The realisation of such an arrangement undoubtedly comes at the expense of Deputy President William Ruto. From the outset, the Kenyatta-Ruto alliance was built on shaky grounds, with political pragmatism being the clearest binding feature. This came through the understanding that unity between Kenyatta’s largest Kikuyu ethnic group and Ruto’s significant Kalenjin group could guarantee the presidency in 2013 and 2017, which it did. With Kenyatta precluded from running in 2022, he has less of a need to preserve relations with Ruto. Moreover, Ruto may be seen to pose a reputational risk – and be considered an unfitting successor – with his embroilment in myriad corruption scandals.


Economically, the impact of the Kenyatta-Odinga pivot and the potential marginalisation of Ruto is likely to be felt most notably in the policy environment. Ruto may stoke public grievances regarding fiscal consolidation requirements and particularly the repeal of the interest rate cap that has become a contentious political football. Not only will this make it difficult for the Kenyatta administration to re-engage the IMF on the uptake of a formal programme, but it may in fact push the government towards further fiscal expansion and even more debt accumulation. There is also the concern that any division within the ruling Jubilee alliance could result in policy inertia.


While President Kenyatta seeks to consolidate his legacy in his second and final term, his policy agenda is being frustrated by new political, economic, and security challenges. Kenyatta’s governing ethnic coalition will quickly fall apart as the race to succeed some of Kenya’s most dominant political leaders intensifies, which will reshape the country’s political landscape and alliances. Kenya’s rising debt burden and budget deficit, as well as mounting concerns over the strength of the local banking sector are likely to frustrate some of the government’s plans to maintain the momentum of massive infrastructure development.

Under populist influence, political pressure will rise for the government to intervene in strategic sectors, such as telecoms and banking. Eventual oil production will be key to meeting the government’s revenue collection targets and to sustain economic growth expectations. However, the ongoing threat of unrest and Islamist terrorism is likely to temper the tourism sector.

Despite a modest forecasted economic growth, continuity of the interest rate cap due to political pressures will weigh on the scale of private sector lending, investment, and potential growth. Meanwhile, wariness among investors regarding the cap and an October assessment by the IMF that Kenya’s debt is reaching unsustainable levels will continue to pose downside risks to each of the country’s 2019, 2024, 2028 and 2048 Eurobonds.

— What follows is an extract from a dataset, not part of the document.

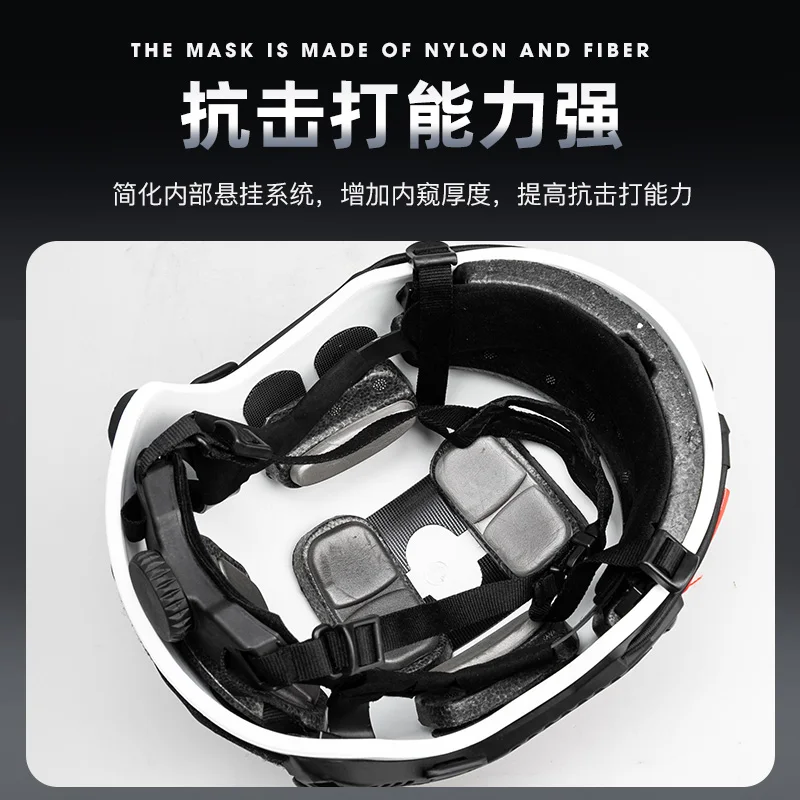 Casco táctico, casco táctico de búsqueda y rescate de emergencia, blanco multifuncional, ligero y ajustable - imagen 4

Kenya’s decision last year to no longer pursue an IMF programme, in the context of uncertain external circumstances and local drivers of risk, such as tourism earnings vulnerable to a volatile security environment, is highly questionable. Should a shock occur without firm IMF endorsement, Kenya will be left exposed to any ensuing market onslaught whose effects could be compounded, especially given the country’s short and long-term debt position.

Nevertheless, Kenya has a relatively strong external position. Foreign reserves stand at approximately 5.7 months of import cover, which provides the country with a reasonably robust buffer against exogenous shocks. The country is also in no imminent balance of payments crisis, hence the lax attitude to the IMF’s conditionalities.